Serviva per immortalare ricordi di vacanze, primi passi dei propri bambini, rappresentazioni teatrali della propria compagnia, concerti della propria band, compleanni, eccetera.
Un modo di immortalare degli eventi che si è affiancato alla fotografia e che all’inizio ha creato un entusiasmo dovuto all’associazione “comparire in televisione = fare quello che fanno le persone famose”. Questa associazione è scemata, ma è rimasto l'entusiasmo per il fatto di poter immortalare alcuni momenti della propria e dell'altrui vita. Poi è scemato anche questo entusiasmo, per il fatto che quando guardiamo il video questo ci delude a causa di vari aspetti.
Usare una videocamera, o un qualunque altro dispositivo in grado di filmare (ad esempio uno smartphone), è facile. Basta accenderla, inquadrare il soggetto e premere il pulsante di registrazione.

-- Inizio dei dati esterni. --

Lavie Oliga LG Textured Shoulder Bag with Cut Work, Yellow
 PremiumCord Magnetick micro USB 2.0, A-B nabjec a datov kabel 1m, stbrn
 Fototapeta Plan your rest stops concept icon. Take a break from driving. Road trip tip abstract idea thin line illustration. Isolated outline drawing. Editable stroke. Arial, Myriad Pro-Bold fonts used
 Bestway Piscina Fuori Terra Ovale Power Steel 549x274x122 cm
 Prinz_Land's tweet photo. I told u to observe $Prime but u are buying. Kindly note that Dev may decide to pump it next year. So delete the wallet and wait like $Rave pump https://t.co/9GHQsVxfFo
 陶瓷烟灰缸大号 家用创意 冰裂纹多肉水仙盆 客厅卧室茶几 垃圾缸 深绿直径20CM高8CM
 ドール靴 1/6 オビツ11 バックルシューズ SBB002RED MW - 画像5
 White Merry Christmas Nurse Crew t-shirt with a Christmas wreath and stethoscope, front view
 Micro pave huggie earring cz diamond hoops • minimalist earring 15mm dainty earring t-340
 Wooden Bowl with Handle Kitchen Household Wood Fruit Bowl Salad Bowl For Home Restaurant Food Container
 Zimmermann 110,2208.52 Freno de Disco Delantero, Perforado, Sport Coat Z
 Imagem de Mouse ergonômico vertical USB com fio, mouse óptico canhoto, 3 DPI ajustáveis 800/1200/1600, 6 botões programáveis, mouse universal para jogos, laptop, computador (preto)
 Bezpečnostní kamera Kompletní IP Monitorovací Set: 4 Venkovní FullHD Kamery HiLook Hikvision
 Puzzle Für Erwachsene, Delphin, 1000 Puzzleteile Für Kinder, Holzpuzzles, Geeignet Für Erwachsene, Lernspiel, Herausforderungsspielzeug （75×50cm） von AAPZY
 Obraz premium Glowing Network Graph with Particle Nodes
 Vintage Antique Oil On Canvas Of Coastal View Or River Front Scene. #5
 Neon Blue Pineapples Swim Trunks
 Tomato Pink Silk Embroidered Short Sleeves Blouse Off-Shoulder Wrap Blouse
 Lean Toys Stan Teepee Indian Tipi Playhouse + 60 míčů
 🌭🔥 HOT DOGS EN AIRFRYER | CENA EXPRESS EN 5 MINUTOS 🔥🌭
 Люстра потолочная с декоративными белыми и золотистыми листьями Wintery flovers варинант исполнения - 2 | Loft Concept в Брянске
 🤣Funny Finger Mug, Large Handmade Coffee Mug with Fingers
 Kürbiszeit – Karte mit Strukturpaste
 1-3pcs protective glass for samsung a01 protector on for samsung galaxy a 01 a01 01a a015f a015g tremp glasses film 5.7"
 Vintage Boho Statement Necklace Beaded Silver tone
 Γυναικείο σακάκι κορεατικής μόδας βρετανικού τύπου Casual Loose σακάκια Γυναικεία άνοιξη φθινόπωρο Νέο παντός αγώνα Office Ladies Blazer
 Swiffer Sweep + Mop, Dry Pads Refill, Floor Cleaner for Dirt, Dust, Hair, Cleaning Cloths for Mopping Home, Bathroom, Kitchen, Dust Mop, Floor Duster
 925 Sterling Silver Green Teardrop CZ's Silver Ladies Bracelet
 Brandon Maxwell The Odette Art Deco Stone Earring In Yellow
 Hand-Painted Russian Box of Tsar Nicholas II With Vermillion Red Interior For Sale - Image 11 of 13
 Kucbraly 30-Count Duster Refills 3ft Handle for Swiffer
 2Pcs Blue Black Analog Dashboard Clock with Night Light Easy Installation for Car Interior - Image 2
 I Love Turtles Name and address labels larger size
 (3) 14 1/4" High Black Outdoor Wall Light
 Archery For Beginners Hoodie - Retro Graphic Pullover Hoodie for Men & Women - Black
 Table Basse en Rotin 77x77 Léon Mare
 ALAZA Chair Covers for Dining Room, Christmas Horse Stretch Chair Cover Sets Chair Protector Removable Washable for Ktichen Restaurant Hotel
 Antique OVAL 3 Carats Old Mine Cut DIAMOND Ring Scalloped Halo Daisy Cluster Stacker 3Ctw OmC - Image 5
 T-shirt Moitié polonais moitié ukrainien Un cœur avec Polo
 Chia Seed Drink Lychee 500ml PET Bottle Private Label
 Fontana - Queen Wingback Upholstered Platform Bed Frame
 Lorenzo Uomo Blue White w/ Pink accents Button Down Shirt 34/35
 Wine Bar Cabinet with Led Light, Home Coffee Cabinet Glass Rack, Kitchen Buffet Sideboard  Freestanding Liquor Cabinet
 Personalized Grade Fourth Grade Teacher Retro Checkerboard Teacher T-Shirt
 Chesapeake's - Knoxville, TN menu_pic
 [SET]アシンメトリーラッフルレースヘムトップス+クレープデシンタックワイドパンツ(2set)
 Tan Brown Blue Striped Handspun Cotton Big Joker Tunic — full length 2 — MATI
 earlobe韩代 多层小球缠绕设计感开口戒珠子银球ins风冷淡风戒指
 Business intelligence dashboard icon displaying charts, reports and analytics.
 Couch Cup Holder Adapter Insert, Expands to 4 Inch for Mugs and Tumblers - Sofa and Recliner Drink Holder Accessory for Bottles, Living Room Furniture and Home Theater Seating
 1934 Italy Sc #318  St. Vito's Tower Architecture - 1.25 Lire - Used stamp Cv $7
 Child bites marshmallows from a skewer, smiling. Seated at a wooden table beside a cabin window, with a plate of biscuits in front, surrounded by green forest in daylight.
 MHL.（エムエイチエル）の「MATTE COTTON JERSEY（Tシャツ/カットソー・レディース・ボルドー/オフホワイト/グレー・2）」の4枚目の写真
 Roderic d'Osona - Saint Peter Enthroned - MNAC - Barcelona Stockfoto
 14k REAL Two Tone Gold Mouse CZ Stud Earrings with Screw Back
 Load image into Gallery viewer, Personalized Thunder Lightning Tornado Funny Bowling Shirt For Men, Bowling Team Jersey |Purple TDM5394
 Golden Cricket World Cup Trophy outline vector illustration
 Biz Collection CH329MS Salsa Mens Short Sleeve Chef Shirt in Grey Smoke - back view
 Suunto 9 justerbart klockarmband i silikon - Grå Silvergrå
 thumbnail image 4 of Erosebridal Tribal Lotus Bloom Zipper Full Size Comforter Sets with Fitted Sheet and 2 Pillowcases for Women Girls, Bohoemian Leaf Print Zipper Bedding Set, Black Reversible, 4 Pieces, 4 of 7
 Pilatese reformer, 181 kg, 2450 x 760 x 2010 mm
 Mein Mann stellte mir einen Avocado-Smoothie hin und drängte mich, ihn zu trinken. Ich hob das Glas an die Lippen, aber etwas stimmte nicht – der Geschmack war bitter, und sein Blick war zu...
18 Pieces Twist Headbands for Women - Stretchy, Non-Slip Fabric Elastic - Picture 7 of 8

Invece realizzare un filmato interessante e divertente non sempre è facile.
Realizzare un filmato interessante è facile se si tratta di un concerto o di una rappresentazione teatrale: piazzato il cavalletto e decisa l’inquadratura, basta premere rec e poi alla fine premerlo di nuovo. Chi guarderà il filmato avrà un’esperienza simile a quella delle persone che erano a quell’evento, perché in entrambi i casi si tratta di spettatori che guardano una rappresentazione. A parte eventuali problemi tecnici di scarsa illuminazione e qualità audio, la piacevole esperienza di guardare il filmato dipende dalla bravura dei musicisti o attori, non dalla bravura del cameraman. Perché quello che doveva succedere in quel filmato è già chiaro. Il cameraman non è responsabile di una sceneggiatura. Certo, se facesse degli zoom sulle persone giuste al momento giusto sarebbe meglio. Ma comunque se lascia l'inquadratura fissa tutto sommato può andare bene lo stesso, dato che la visuale sarà simile a quella di uno spettatore dal vivo.
Se invece il filmato riguarda eventi più imprevedibili e improvvisati, la cosa cambia. Di questo l’inesperto si accorge tipicamente non durante le riprese, ma dopo, quando è il momento di visionare quello che si è realizzato. Si accorge allora della cattiva qualità dell'audio, della poca stabilità delle
immagini che fanno venire il mal di testa, e della eccessiva e annoiante lunghezza delle scene.
A proposito di eccessiva lunghezza delle scene è importante prendere coscienza della differenza fra vivere una scena e riguardarla in un video. Quando non siamo spettatori, ma viviano un’esperienza come protagonisti accettiamo come normali momenti di attesa, momenti di noia, momenti in cui gli eventi scorrono senza nulla di granché interessante. Quando la stessa cosa accade in un filmato, a parità di tempi morti o di scene lente quel filmato risulta molto più noioso.
Se lo spettatore è paziente, tipicamente uno spettatore abituato a guardare film d’autore, la lentezza magari viene tollerata. Ma nella maggior parte dei casi non sarà così: lo spettatore si annoierà, si irriterà e tenderà a distrarsi e a voler interrompere la visione del filmato; oppure, non avendo un'educazione alla visione dei video amatoriali in compagnia e non rendendosi conto di quanto è irrispettoso chiacchierare sovrapponendo la propria voce a quella dei personaggi, lo farà, rendendo incomprensibile ciò che dicono e così abbassando la già flebile probabilità che quel video venga apprezzato dagli altri spettatori.
Dunque chi crea il filmato deve rendersi conto di quanto davvero dovrebbe essere lungo ad esempio una clip in cui si mostra un panorama: quando lo osserviamo dal vivo lo guardiamo volentieri anche per 15 secondi, ma quando lo guardiamo su uno schermo al massimo i secondi devono essere 4. È bene registrare con questa consapevolezza e in più, dopo la registrazione, eseguire un montaggio che consisterà in tagli e magari velocizzazioni.
A proposito di montaggio, è facile credere di aver tagliato abbastanza anche quando non è così. Conviene dunque eseguire un primo montaggio e, anziché considerare concluso il lavoro, aspettare qualche giorno per disabituarsi alla visione di quel filmato, poi riguardarlo immedesimandosi più possibile in uno spettatore, per rendersi conto magari che c’è da sfoltire ancora.